Short text fragments from websites:
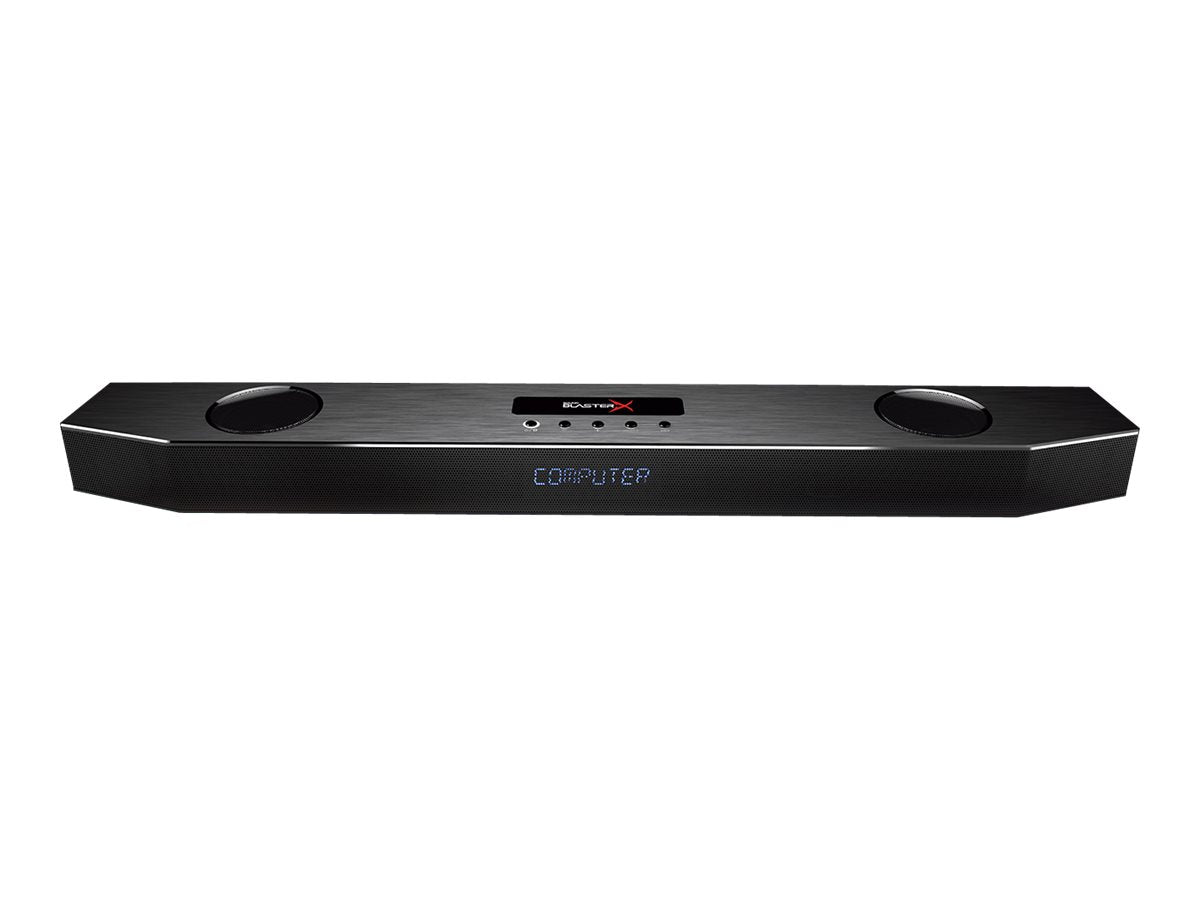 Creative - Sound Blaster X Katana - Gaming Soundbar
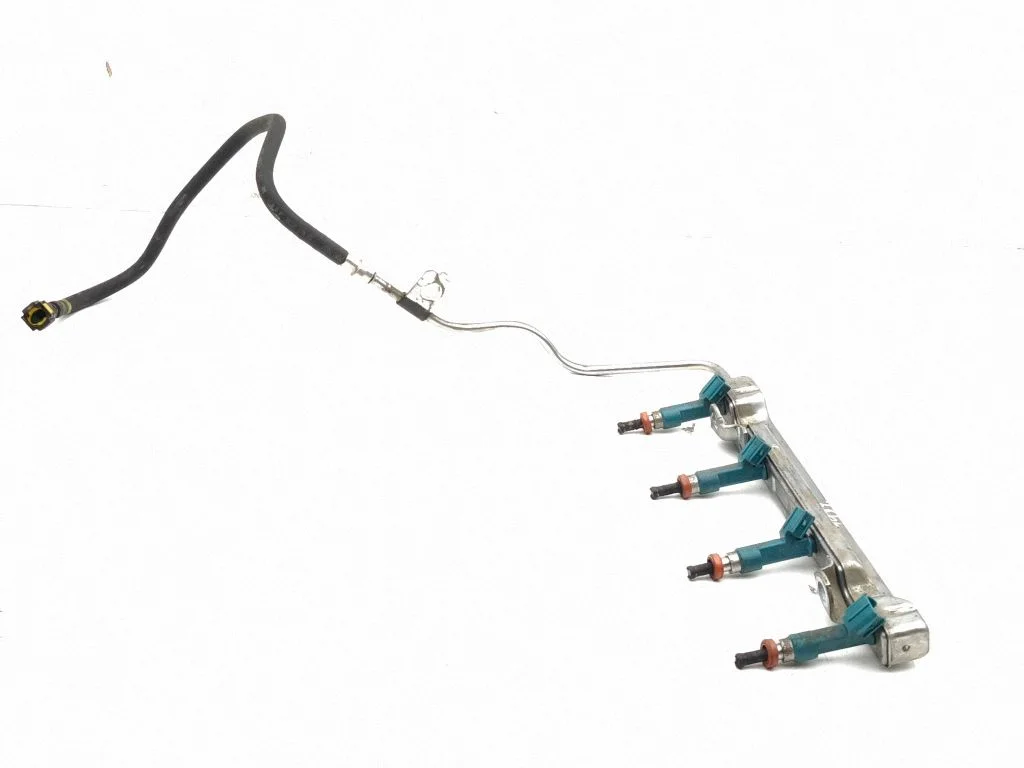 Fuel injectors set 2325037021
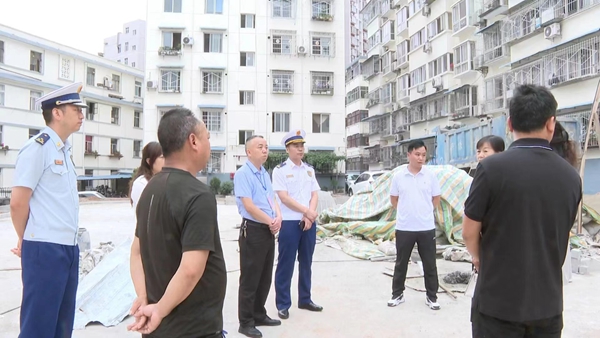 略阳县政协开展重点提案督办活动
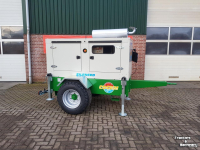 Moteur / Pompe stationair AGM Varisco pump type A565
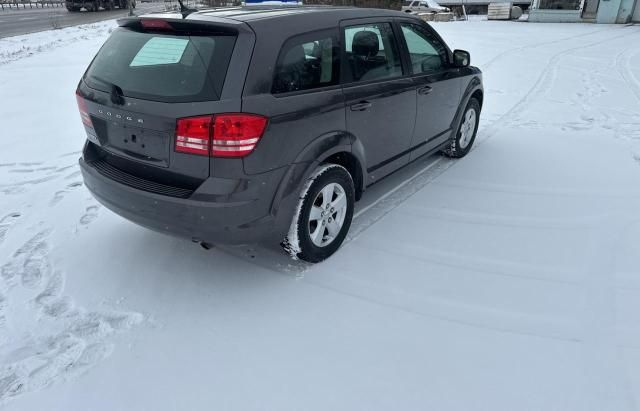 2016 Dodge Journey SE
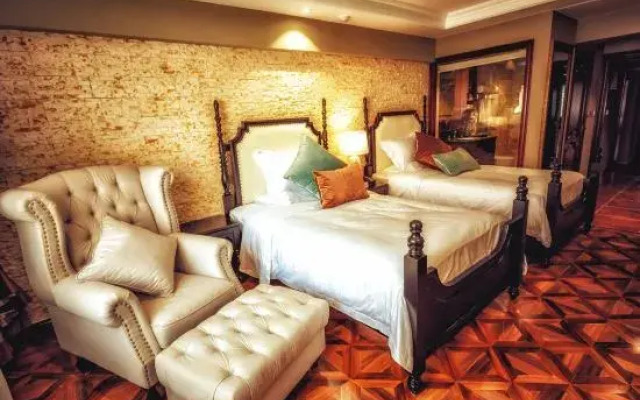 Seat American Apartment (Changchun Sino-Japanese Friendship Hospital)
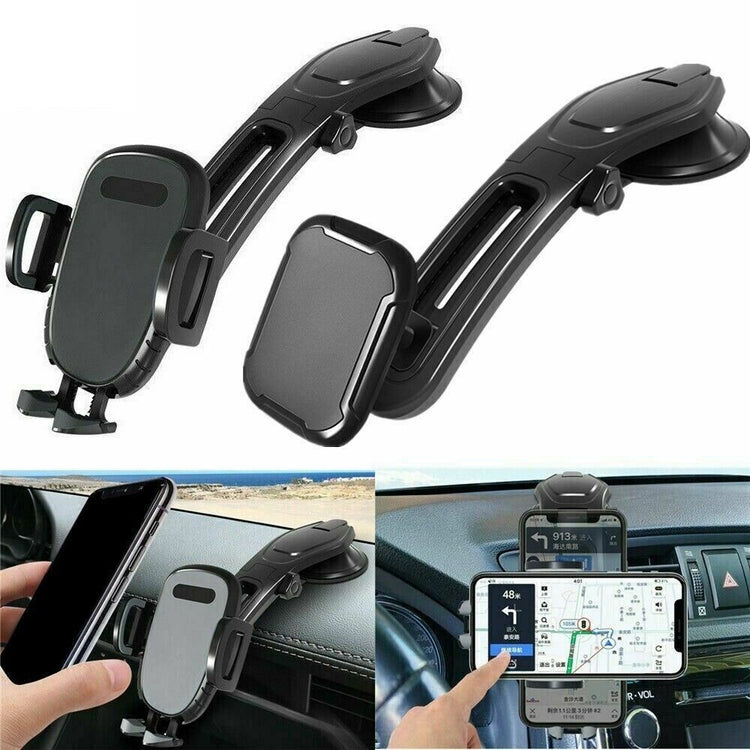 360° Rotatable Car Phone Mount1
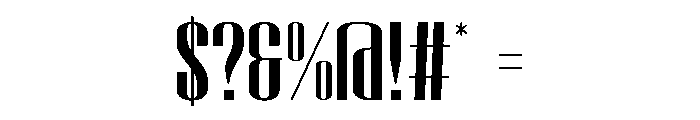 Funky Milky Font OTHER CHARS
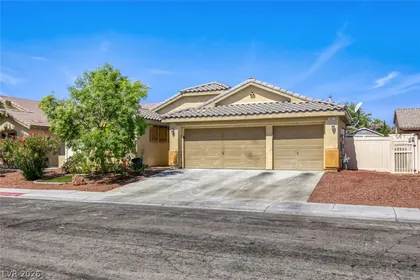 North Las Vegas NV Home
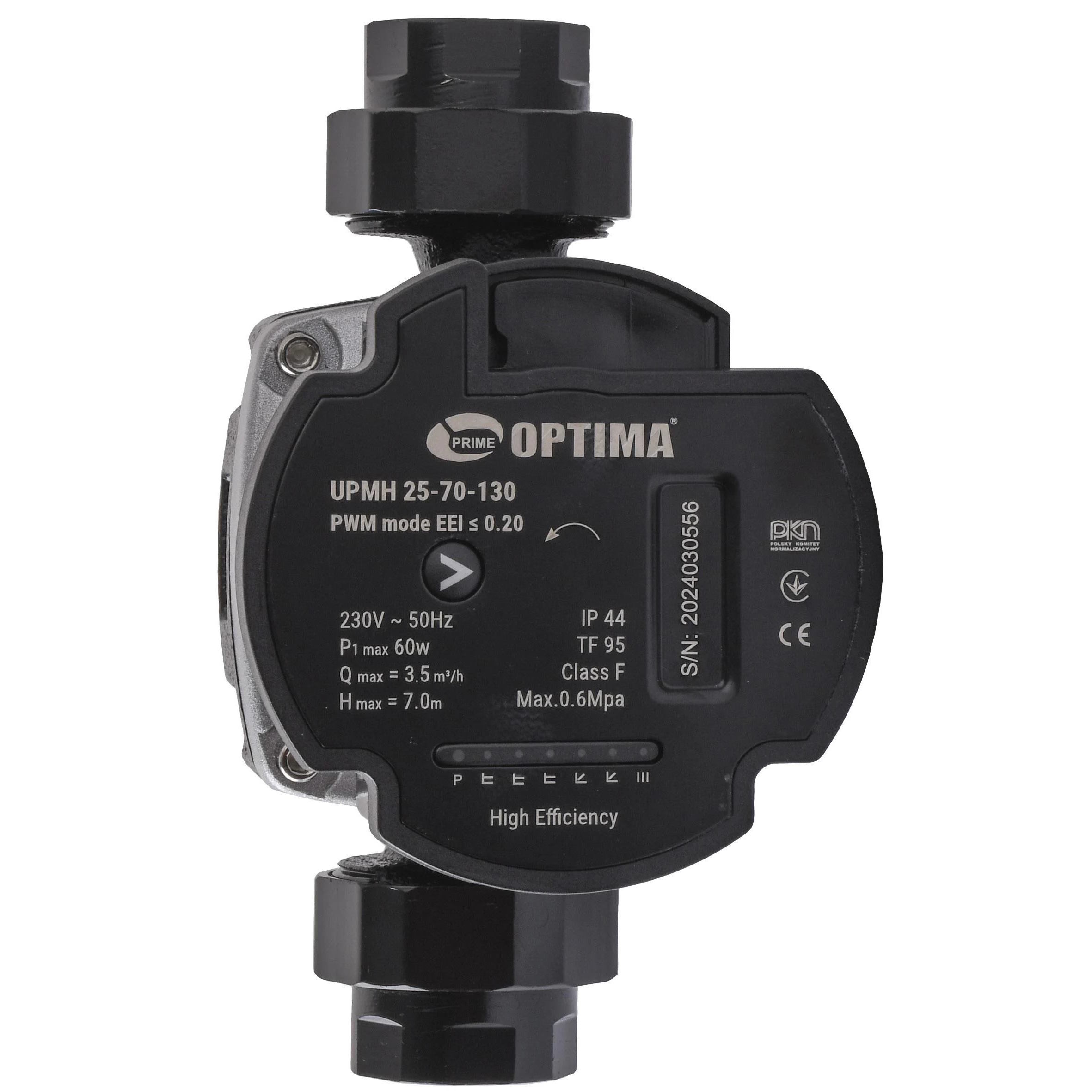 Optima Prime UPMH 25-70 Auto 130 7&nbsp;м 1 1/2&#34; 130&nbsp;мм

**Directions for this task:** The required answer is the lines from the one that contains "略阳县政协开展重点提案督办活动" through the last line of the records, restated word for word, with every picture dropped.

**Answer to this task:**
 略阳县政协开展重点提案督办活动
 Moteur / Pompe stationair AGM Varisco pump type A565
 2016 Dodge Journey SE
 Seat American Apartment (Changchun Sino-Japanese Friendship Hospital)
 360° Rotatable Car Phone Mount1
 Funky Milky Font OTHER CHARS
 North Las Vegas NV Home
 Optima Prime UPMH 25-70 Auto 130 7&nbsp;м 1 1/2&#34; 130&nbsp;мм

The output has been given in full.